In the figure above, CPUs in brackets are siblings of an SMT core. The
rest are non-SMT cores. 'b' indicates a busy CPU, 'i' indicates an
idle CPU.

We should let a CPU on a fully idle core get the first chance to idle
load balance as it has more CPU capacity than a CPU on an idle SMT
CPU with busy sibling.  So for the figure above, if we are running
should_we_balance() to CPU 1, we should return false to let CPU 6 on
idle core to have a chance first to idle load balance.

A partially busy (i.e., of type group_has_spare) local group with SMT 
cores will often have only one SMT sibling busy. If the destination CPU
is a non-SMT core, partially busy, lower-numbered, SMT cores should not
be considered when finding the first idle CPU. 

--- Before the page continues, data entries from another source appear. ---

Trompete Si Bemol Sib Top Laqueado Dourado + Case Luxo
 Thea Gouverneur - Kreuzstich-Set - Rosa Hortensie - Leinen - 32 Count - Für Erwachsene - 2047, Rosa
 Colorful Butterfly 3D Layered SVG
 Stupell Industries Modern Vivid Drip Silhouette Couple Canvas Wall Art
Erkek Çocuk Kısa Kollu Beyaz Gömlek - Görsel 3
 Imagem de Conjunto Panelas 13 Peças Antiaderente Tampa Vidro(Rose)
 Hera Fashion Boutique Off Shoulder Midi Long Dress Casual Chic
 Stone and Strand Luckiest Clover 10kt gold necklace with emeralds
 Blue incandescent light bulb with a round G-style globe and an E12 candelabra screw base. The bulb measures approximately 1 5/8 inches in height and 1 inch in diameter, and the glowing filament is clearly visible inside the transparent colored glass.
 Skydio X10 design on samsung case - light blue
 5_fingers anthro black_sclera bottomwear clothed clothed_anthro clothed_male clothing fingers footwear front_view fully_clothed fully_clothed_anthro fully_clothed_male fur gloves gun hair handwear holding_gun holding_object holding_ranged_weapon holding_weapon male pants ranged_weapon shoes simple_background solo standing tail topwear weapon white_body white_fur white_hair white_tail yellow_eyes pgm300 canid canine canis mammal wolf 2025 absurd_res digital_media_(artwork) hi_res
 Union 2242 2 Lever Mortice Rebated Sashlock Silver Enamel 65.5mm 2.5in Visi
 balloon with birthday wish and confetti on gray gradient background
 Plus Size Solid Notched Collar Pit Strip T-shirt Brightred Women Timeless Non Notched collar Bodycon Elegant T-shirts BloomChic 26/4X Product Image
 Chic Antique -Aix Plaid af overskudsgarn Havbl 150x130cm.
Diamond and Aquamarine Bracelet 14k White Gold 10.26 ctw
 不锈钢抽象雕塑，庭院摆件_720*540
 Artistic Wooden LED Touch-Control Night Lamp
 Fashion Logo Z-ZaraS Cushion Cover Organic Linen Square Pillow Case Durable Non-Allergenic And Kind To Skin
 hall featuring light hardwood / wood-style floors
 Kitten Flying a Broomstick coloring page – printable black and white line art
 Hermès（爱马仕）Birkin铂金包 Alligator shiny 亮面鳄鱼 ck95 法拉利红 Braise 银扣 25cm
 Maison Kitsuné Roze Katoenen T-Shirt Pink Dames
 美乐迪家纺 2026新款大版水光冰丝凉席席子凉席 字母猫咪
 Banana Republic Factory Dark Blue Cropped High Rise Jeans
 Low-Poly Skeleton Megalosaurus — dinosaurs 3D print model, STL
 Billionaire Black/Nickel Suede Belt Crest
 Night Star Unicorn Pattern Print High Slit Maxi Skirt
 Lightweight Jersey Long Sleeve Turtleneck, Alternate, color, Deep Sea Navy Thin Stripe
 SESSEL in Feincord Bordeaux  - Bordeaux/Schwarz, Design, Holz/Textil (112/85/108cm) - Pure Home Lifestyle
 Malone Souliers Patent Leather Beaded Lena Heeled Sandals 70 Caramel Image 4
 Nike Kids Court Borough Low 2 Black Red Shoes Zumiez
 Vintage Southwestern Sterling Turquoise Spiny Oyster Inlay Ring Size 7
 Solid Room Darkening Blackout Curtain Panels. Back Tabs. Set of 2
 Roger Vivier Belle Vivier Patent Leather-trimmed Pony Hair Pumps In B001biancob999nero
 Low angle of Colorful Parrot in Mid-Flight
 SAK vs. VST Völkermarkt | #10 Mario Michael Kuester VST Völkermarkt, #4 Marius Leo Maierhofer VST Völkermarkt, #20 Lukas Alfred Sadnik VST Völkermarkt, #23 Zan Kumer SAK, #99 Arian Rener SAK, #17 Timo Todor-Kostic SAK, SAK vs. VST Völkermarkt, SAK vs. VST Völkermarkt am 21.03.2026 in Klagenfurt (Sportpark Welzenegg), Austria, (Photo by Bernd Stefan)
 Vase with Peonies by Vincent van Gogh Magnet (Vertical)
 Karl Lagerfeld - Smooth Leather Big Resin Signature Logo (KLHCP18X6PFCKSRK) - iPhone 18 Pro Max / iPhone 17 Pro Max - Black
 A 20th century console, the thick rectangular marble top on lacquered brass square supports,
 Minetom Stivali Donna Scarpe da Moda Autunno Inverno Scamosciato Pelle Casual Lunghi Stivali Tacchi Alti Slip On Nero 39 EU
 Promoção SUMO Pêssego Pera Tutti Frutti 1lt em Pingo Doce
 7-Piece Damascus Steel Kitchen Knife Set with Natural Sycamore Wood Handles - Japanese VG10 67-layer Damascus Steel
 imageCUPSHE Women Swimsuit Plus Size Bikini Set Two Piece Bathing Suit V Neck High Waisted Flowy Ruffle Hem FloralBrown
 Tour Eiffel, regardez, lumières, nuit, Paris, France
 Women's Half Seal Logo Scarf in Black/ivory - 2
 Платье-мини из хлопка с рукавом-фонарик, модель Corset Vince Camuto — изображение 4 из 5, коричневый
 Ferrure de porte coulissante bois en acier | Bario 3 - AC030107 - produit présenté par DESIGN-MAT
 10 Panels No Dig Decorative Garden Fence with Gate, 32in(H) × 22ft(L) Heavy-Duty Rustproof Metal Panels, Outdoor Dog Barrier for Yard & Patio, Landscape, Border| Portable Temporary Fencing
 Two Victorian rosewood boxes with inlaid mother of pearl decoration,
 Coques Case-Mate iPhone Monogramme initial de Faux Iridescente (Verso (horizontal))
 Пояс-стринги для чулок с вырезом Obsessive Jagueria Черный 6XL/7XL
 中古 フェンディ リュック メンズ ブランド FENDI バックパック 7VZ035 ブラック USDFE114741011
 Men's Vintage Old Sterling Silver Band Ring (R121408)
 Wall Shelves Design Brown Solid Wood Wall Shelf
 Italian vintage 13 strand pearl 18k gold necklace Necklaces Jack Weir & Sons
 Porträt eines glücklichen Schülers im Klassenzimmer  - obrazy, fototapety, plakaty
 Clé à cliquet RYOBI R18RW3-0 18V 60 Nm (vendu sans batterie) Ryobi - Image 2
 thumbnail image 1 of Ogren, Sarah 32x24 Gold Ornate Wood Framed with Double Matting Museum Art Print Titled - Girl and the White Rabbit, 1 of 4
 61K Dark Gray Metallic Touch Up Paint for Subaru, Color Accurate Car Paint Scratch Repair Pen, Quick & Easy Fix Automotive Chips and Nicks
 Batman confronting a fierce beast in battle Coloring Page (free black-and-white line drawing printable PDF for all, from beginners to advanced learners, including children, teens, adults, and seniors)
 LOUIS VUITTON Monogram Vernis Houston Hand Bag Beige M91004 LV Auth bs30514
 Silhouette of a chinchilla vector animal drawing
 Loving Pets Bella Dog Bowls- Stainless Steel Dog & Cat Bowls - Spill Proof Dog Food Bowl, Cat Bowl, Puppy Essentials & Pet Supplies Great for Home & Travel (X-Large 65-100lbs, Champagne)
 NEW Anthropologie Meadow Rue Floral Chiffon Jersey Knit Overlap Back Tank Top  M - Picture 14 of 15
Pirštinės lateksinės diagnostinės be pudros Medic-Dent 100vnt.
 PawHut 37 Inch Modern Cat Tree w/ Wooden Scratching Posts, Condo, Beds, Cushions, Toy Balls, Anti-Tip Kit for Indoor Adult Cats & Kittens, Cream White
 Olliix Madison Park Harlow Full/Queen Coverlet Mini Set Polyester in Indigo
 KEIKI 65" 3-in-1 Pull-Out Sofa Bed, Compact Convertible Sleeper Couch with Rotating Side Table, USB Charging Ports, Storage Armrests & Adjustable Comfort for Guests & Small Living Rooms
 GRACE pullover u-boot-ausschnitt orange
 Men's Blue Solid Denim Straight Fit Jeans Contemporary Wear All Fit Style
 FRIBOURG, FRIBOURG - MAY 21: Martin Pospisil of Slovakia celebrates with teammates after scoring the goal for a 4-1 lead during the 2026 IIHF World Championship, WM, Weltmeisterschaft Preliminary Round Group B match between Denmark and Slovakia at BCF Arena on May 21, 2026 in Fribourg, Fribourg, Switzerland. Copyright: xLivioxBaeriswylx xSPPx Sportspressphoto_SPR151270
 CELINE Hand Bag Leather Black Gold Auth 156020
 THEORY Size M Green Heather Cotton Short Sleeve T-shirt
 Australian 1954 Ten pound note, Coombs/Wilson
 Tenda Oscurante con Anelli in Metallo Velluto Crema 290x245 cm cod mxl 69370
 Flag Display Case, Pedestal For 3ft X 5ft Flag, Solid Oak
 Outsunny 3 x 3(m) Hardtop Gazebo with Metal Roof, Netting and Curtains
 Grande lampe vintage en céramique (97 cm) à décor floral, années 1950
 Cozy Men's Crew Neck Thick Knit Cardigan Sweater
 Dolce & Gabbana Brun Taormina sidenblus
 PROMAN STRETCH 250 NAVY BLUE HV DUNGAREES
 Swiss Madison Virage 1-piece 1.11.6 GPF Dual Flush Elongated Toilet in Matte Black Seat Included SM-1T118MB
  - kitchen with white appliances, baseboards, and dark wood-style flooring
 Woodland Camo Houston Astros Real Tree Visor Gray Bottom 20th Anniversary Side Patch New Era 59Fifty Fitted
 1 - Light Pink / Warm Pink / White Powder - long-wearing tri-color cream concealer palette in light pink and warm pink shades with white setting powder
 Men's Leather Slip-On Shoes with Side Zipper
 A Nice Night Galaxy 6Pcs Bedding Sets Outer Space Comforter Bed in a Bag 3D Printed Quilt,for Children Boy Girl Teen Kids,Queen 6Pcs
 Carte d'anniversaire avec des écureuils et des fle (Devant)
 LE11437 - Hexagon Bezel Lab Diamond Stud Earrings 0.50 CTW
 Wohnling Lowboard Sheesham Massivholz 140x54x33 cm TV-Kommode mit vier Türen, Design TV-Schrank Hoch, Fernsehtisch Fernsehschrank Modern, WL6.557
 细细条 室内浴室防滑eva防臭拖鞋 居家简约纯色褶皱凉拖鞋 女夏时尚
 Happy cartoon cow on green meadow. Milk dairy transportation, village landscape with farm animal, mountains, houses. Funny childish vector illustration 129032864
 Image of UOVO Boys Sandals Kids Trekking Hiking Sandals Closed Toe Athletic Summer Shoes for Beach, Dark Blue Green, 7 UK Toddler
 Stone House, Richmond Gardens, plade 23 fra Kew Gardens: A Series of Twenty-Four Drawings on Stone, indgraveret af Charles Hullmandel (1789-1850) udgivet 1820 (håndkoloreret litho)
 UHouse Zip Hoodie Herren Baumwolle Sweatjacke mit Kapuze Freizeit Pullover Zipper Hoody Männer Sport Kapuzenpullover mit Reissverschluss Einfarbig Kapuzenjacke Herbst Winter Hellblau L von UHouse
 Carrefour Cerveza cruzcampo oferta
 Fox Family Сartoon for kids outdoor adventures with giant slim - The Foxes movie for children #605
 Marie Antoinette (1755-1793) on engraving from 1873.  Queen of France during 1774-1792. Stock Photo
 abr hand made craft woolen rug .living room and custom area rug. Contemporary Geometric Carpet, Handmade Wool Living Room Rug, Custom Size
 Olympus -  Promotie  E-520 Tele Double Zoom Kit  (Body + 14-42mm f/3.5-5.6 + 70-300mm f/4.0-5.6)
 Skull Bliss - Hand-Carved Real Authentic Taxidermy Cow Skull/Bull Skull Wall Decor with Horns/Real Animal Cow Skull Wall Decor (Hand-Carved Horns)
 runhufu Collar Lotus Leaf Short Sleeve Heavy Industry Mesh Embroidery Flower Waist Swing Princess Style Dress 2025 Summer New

However, in should_we_balance(), when we encounter idle SMT first in partially
busy core, we prematurely break the search for the first idle CPU.

Higher-numbered, non-SMT cores is not given the chance to have
idle balance done on their behalf. Those CPUs will only be considered
for idle balancing by chance via CPU_NEWLY_IDLE.

Instead, consider the idle state of the whole SMT core.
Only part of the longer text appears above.